Le jeu de Pierre-Papier-Ciseaux est probablement le deuxième jeu le
plus simple de l'Univers. Avant d'en parler, je devrais donc
commencer par décrire le premier, qui n'a pas de nom à ma
connaissance, et je manque d'inspiration pour lui en trouver un. Les
règles sont : l'un des deux joueurs (convenu à l'avance, disons Alice)

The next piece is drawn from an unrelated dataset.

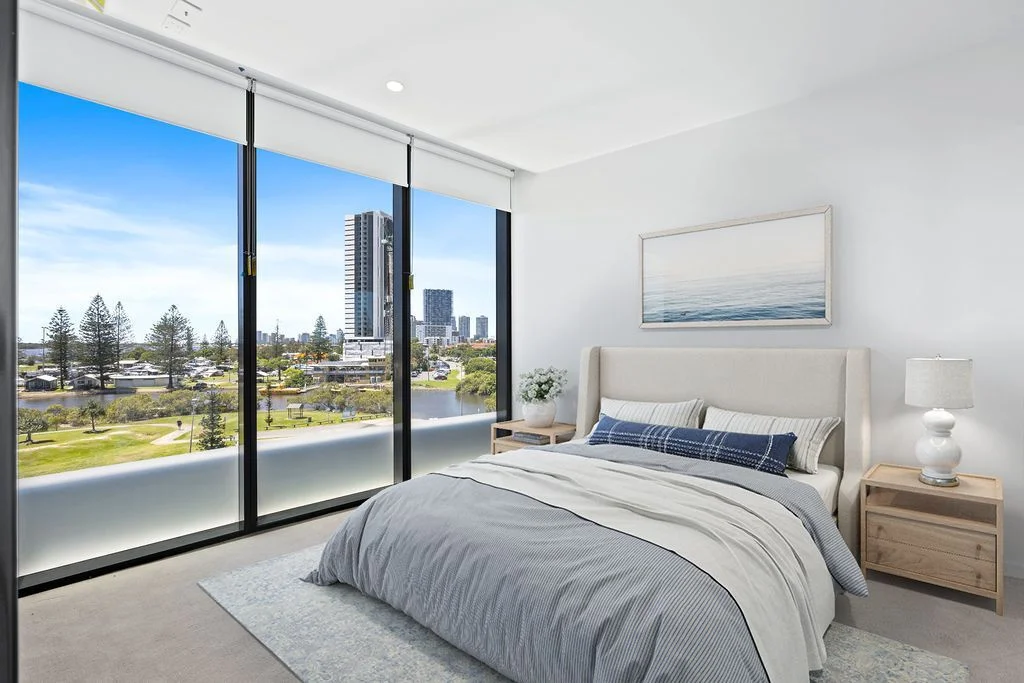 505/180 Marine Parade, Labrador QLD 4215 photo 5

choisit en secret le nom de l'un des deux joueurs, tandis que l'autre
joueur (disons Bob) choisit soit le mot perd
soit le
mot gagne
; si la phrase formée des deux mots choisis
est Alice gagne
ou Bob perd
, alors Alice gagne, tandis
que si c'est Alice perd
ou Bob gagne
, alors Bob gagne.
De façon plus abstraite : chacun des deux joueurs choisit un bit en
secret, on calcule le XOR de ces bits, et s'il vaut 0 c'est Alice qui
gagne tandis que s'il vaut 1 c'est Bob (ou toute autre convention
équivalente choisie à l'avance). Ce jeu fait partie des jeux
dits à somme nulle, c'est-à-dire que les joueurs sont
exactement adversaires, les gains de l'un étant par définition les
pertes de l'autre (par opposition à un jeu comme le dilemme du
prisonnier, où il est possible pour que les deux joueurs
gagnent ou perdent dans différentes proportions, et il y a donc un
sens à chercher à coopérer) ; et à
information incomplète imparfaite,
parce que les deux joueurs choisissent leur option simultanément, donc
dans l'ignorance du choix de l'autre (par opposition aux jeux à
information parfaite, comme les échecs, qui sont l'objet de la théorie
combinatoire des jeux). En pratique, le choix simultané peut se faire
en écrivant sur un papier (si on est très formaliste, dans un pli
scellé), ou, si on est cryptographe, en utilisant
une fonction de hachage pour
s'engager sur un choix sans divulguer celui-ci. Ou en montrant
simultanément un choix de la main (par exemple, Alice pourrait pointer
du doigt l'un des deux adversaires, tandis que Bob fait le signe du
pouce vers le haut ou vers le bas).
La stratégie à suivre est tout à fait évidente : si Bob avait
connaissance du nom choisi par Alice, il aurait intérêt à
choisir perd
lorsque Alice choisit Alice
et gagne
lorsque Alice choisit Bob
; donc Alice ne doit pas divulguer la
moindre information sur son choix, et doit choisir aléatoirement et de
façon équiprobable, indépendante des choix précédents, le nom qu'elle
choisit ; Bob, évidemment, a intérêt à choisir aléatoirement
entre gagne
et perd
. On dit qu'on a affaire là à
la stratégie (mixte)
optimale[#] du jeu pour
l'un et l'autre joueur (qui se caractérise formellement par le fait
qu'il s'agit d'une distribution de probabilité sur les options du jeu
dont l'espérance de gain contre n'importe quelle option de
l'adversaire est au moins aussi bonne que celle de toute autre telle
distribution). Les deux stratégies optimales jouées l'une contre
l'autre constituent
un équilibre
de Nash, mais la notion en question est un peu idiote dans
le cas d'un jeu à somme nulle à cause
d'un théorème de
von Neumann qui assure, pour parler de façon très vague, que dans
ce cas les stratégies optimales des deux joueurs se répondent bien
l'une à l'autre (en maximisant le pire gain possible on maximise
précisément le gain contre la stratégie optimale de l'adversaire). Le
jeu très simple dont j'ai parlé est à valeur nulle,
c'est-à-dire que quand les deux joueurs jouent leur stratégie
optimale, aucun n'est privilégié, ce qui est le cas si, mais pas
seulement si, il existe une symétrie totale entre les joueurs.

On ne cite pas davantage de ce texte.